Report the number of lines holding "with" in the material below, and nothing more.

Exercise data ▸
******
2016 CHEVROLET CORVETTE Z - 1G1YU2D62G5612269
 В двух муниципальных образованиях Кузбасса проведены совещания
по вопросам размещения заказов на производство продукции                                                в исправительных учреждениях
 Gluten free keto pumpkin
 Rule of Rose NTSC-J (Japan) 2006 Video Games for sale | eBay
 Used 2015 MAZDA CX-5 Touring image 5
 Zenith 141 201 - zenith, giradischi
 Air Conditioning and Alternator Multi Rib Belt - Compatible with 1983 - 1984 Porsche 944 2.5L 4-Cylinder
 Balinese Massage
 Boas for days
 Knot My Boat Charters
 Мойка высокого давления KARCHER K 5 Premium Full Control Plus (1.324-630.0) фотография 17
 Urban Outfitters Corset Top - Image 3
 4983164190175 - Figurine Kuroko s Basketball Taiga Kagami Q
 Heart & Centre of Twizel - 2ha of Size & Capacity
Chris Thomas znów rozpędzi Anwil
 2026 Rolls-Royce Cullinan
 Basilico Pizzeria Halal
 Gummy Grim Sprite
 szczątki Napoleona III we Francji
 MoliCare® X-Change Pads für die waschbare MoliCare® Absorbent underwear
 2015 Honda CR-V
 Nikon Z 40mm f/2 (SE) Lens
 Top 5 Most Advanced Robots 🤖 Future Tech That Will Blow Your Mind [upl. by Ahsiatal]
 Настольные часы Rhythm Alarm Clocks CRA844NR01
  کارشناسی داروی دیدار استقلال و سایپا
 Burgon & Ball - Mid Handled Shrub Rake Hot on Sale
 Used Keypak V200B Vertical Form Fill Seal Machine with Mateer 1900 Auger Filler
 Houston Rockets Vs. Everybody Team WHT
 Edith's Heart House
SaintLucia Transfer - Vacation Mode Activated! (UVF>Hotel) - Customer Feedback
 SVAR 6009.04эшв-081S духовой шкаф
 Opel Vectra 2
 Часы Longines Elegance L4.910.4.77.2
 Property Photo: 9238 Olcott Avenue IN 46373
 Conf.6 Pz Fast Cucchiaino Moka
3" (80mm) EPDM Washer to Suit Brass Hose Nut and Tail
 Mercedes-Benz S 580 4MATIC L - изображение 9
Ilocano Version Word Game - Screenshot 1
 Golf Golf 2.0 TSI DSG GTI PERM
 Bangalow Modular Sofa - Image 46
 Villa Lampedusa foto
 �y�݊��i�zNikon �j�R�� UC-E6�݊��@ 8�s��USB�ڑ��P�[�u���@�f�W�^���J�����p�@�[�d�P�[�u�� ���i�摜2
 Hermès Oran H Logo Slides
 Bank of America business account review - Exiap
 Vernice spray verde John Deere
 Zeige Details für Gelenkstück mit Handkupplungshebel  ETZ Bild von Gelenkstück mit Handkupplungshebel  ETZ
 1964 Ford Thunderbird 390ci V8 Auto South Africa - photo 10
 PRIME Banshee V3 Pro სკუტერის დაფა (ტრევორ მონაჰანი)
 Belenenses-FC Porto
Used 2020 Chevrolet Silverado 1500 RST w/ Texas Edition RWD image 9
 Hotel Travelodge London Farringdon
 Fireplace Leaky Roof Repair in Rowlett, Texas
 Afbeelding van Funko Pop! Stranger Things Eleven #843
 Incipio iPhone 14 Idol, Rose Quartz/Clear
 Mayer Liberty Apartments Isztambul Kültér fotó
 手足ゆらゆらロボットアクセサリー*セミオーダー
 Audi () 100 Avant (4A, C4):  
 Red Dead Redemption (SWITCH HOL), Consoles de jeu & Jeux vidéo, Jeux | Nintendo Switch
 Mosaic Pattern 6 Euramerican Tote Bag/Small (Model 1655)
******
Your response ▸
2